Przy okazji warto też wspomnieć o ekranach ładowania. Nie pojawiają się one często, a cały proces trwa kilka sekund, jednak nie zmienia to faktu, że są one obecne w wersji na PS5. Poza tym, pewnie niektórzy są ciekawi, czy horror doczekał się polskiego tłumaczenia. O ile dobrze pamiętam, pierwsza część takowego nie miała. W przypadku Tormented Souls 2 nic nie zmienia się w tej kwestii – w grze nie ma języka polskiego.
Tormented Souls 2 – czy warto zagrać?
Tormented Souls 2 daje nam to wszystko, z czego zasłynęła pierwsza część, to znaczy intrygujące zagadki, mroczną atmosferę i obezwładniające uczucie bezradności, gdy kończy się amunicja. Parę frustrujących rozwiązań z „jedynki” także powróciło do sequela, ale cóż - oldschool to oldschool.

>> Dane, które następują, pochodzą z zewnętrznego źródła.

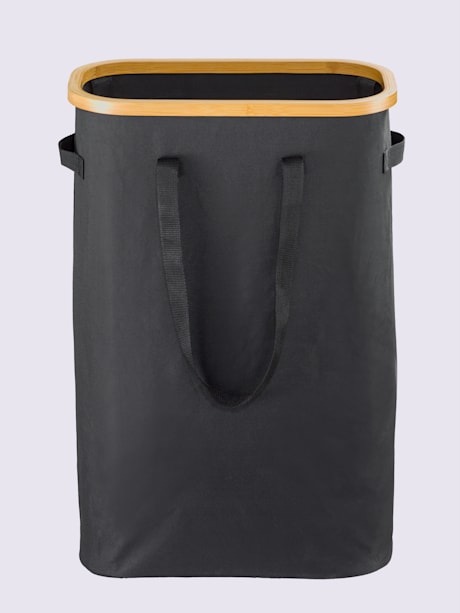  (Image 1)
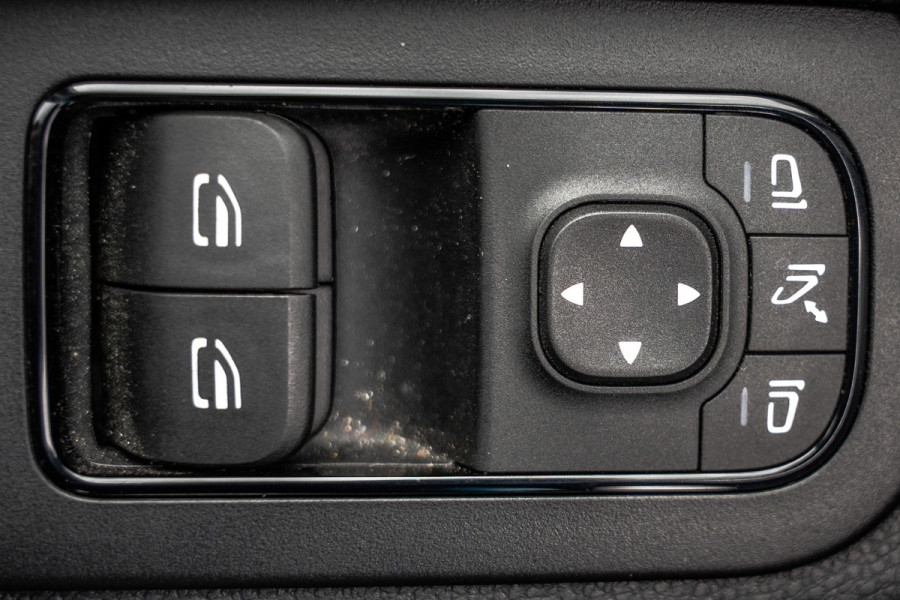 Mercedes-Benz Sprinter 315 CDI RWD L3H2 | ZGAN | Automaat | 1e Eigenaar | Camera | Carplay | Cruise | Mbux | Climatronic
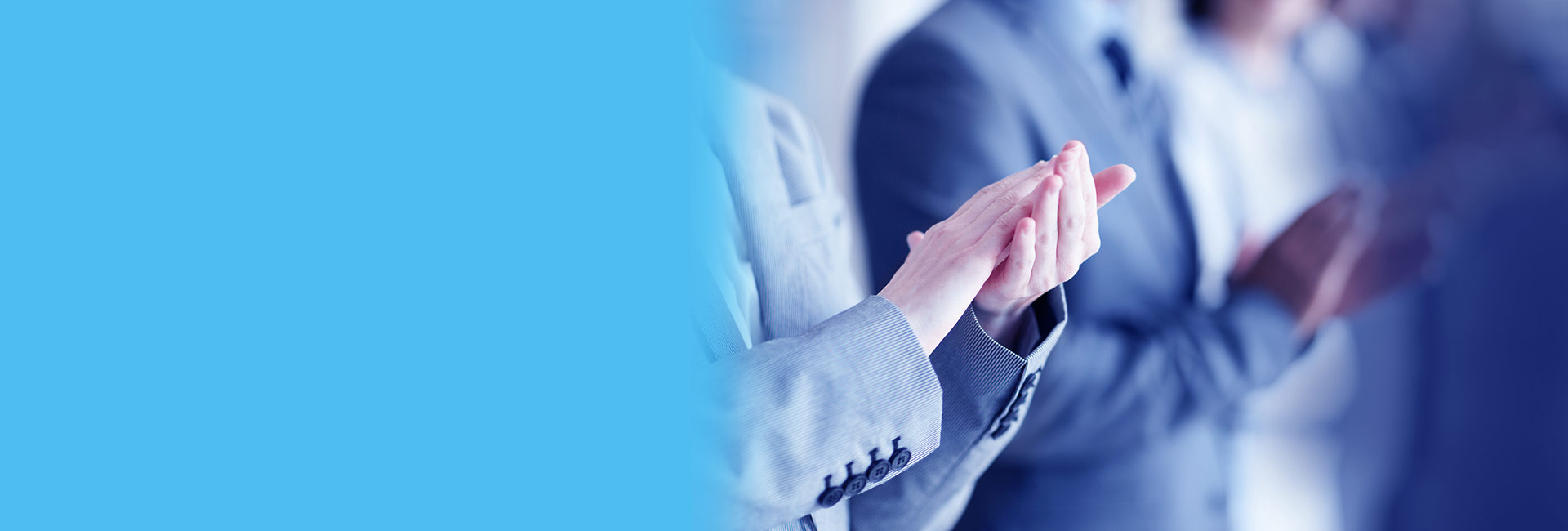 ��ʱ����-�й��ٷ���վ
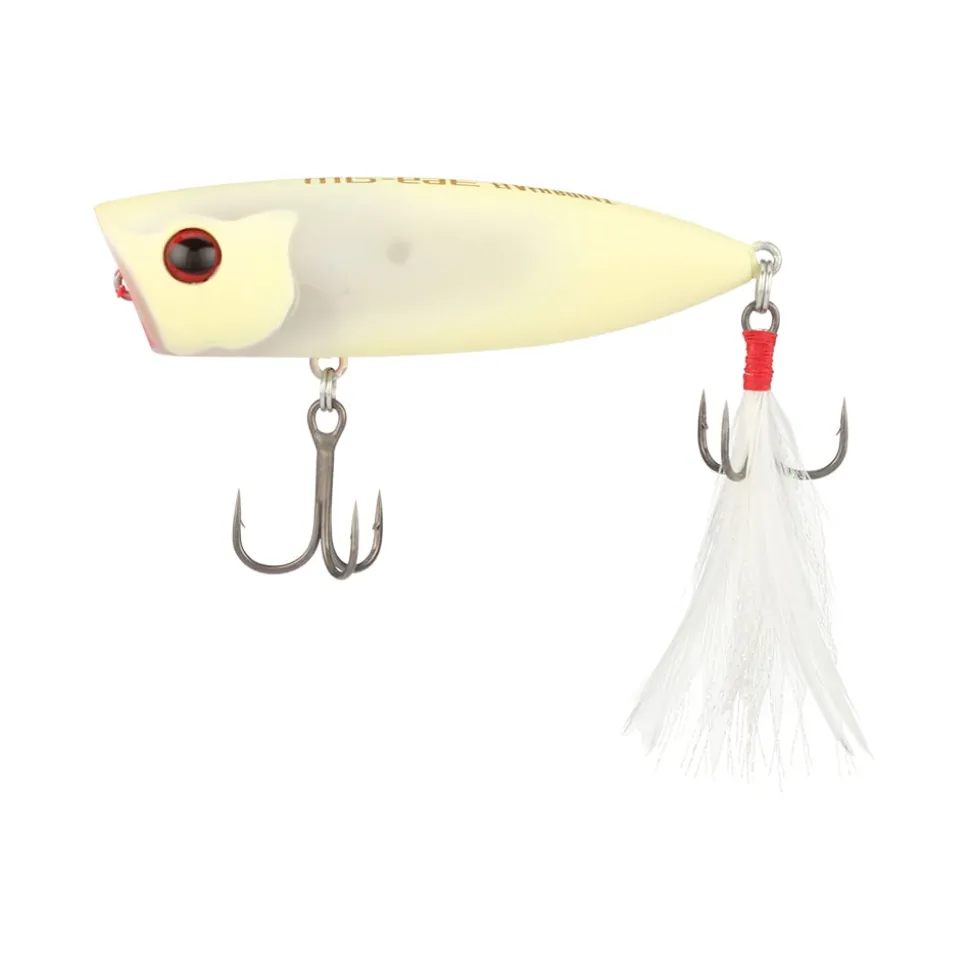 Shimano World Pop Popper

Czy warto sięgnąć po tę grę? Nie zacytuję klasyka i nie powiem, że jest to obowiązkowa pozycja dla każdego fana survival horrorów. Nie zrobię tego wyłącznie dlatego, że ja do takowych się nie zaliczam, a mnie się ta seria podoba. I niech to będzie wystarczającą rekomendacją.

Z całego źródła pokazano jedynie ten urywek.